Set on the southern end of Spain in the province of Malaga (with Marbella as its captal), the Costa Del Sol (as the name implies) is a sun-drenched coast that has a lot to offer. Here are our ten favorite things to do when visiting this amazing region:
1. Hit the Beach
The Costa Del Sol beaches have been awarded the coveted “Blue Flag” status. This is the gold standard for being pristine, so wherever you go you’ll always be close to a world-class beach.

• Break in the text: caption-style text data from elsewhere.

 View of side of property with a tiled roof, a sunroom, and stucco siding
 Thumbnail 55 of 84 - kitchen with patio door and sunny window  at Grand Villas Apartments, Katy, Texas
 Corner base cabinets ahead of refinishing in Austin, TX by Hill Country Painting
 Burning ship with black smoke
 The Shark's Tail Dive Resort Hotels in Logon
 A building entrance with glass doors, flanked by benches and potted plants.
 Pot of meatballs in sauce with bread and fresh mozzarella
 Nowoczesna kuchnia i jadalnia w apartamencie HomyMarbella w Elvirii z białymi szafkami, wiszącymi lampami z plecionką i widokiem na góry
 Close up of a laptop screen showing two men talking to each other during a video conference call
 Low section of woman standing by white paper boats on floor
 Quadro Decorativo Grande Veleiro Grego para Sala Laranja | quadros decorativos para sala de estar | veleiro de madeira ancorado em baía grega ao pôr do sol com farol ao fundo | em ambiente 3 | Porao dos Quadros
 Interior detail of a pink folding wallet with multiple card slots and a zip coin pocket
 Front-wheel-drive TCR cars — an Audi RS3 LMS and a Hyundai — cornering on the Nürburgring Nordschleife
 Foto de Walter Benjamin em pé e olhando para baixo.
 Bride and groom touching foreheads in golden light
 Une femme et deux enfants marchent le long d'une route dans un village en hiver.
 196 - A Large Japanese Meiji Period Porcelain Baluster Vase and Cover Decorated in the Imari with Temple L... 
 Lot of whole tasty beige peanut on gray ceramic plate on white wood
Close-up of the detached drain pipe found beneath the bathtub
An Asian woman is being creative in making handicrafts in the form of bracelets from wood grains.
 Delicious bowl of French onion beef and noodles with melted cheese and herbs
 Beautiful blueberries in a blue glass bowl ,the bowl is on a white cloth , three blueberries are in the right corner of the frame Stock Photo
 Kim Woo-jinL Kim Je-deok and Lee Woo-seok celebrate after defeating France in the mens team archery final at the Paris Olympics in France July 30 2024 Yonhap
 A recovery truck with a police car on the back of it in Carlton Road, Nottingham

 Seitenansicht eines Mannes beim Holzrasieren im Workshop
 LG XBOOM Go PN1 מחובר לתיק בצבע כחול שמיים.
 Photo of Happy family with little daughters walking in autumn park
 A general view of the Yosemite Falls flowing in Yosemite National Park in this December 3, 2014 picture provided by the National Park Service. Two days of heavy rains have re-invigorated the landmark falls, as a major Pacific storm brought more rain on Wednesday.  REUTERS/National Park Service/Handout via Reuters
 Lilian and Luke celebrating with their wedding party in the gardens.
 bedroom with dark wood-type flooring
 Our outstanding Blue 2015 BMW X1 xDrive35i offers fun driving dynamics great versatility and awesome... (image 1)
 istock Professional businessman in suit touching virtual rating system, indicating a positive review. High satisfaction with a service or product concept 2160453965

The climate also sports the longest beach season in Iberian Spain, with consistent warmth from as early as April through the end of October. Even the winter season offers many days of sunshine and mild temperatures. Our favorite beach can be found at the ever popular Torremolinos resort area.
2. Hit the Links
With more than 70 courses, (more courses per square mile than anywhere else on the mainland) some have begun calling the area the “Costa del Golf”. Most courses are seaside and come with spectacular views of the aquamarine Mediterranean waters.
3. Soak in some Culture
The city of Malaga (birthplace of Picasso), features the Alcazaba, a Moorish fortified palace with outer ramparts that protect a peaceful interior. You’ll find museums dedicated to Automobiles, fashion and, of course, Favorite son Pablo Picasso.
4. The Magic of Ronda
A perfect day trip from the coat, this inland city offers postcard-like views from its 18th-century bridge crossing the El Tajo gorge. Stroll through “La Cuidad” to visit medieval churches, sample some Gazpacho (the city claims that it was invented here0 and step into the oldest continuously used arena (generally for bull fights) in all of Spain.
5. Sample the Local Wines
Around Ronda, in the microclimate influenced by the increased altitude, you’ll find 17 different wineries that you can visit. Sampling these unique Andalusian wines is an unforgettable experience as they come with a variety of tapas. Try some of the jamón ibérico and manchego cheese with a glass of Crianza , or some chipirones (charred baby squid) with some Blanca Joven white.
6. Munch on Espetos
This most iconic of Andalusian seafood snacks can be found all along the beaches at “chiringuitos”, special seafood bars where skewered sardines are grilled over wood fires. Sprinkle yours with some fresh lemon juice and wash it down with a local white wine served chilled.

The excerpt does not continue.